▶ _GIVEN DATA_
______
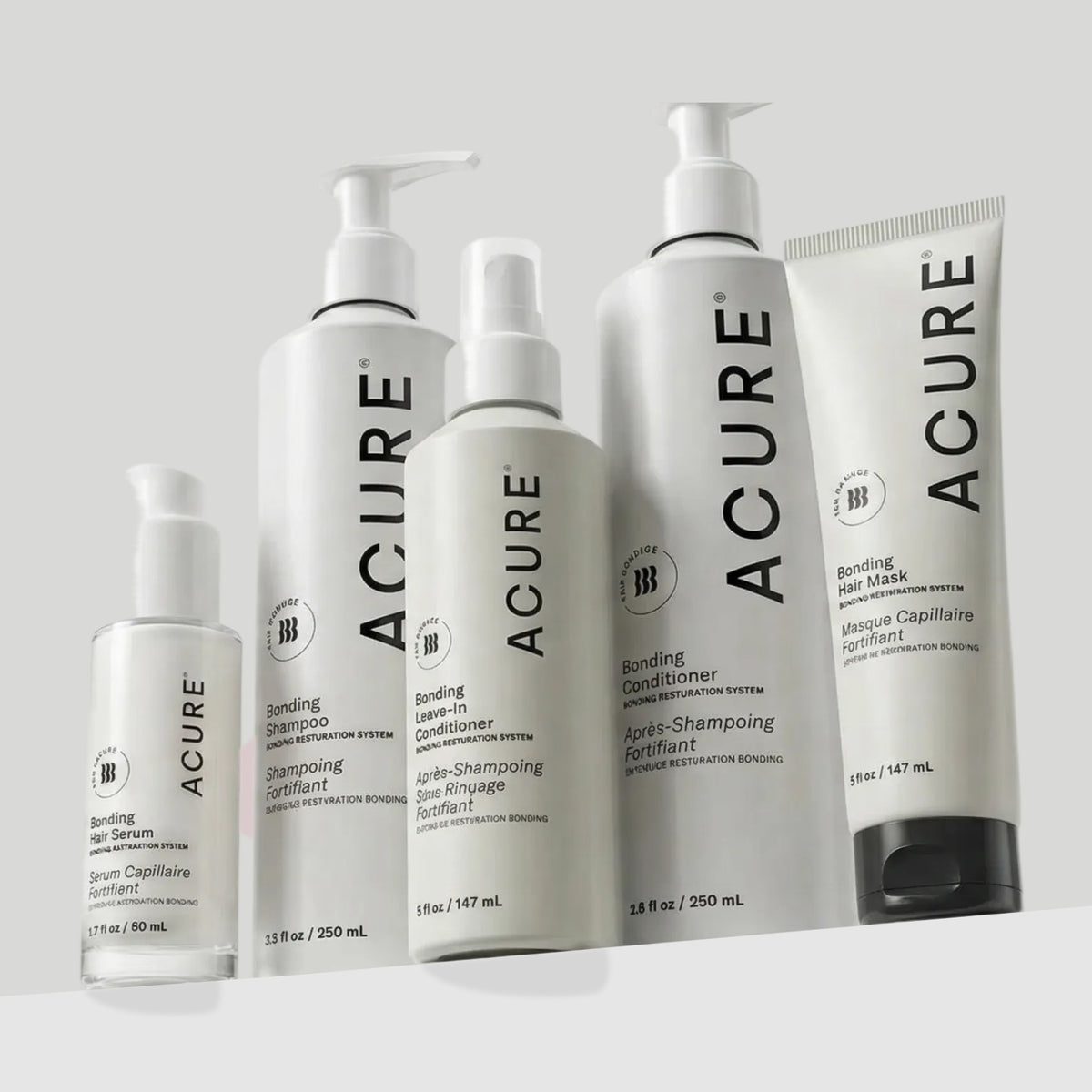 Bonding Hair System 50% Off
______
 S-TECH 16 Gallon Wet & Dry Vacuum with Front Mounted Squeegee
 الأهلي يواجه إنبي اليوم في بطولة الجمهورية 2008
______
Extract from the listing above the lines between the line containing "S-TECH 16 Gallon" and the line containing "الأهلي يواجه إنبي", keeping both of those lines. Output nothing else.

 S-TECH 16 Gallon Wet & Dry Vacuum with Front Mounted Squeegee
 الأهلي يواجه إنبي اليوم في بطولة الجمهورية 2008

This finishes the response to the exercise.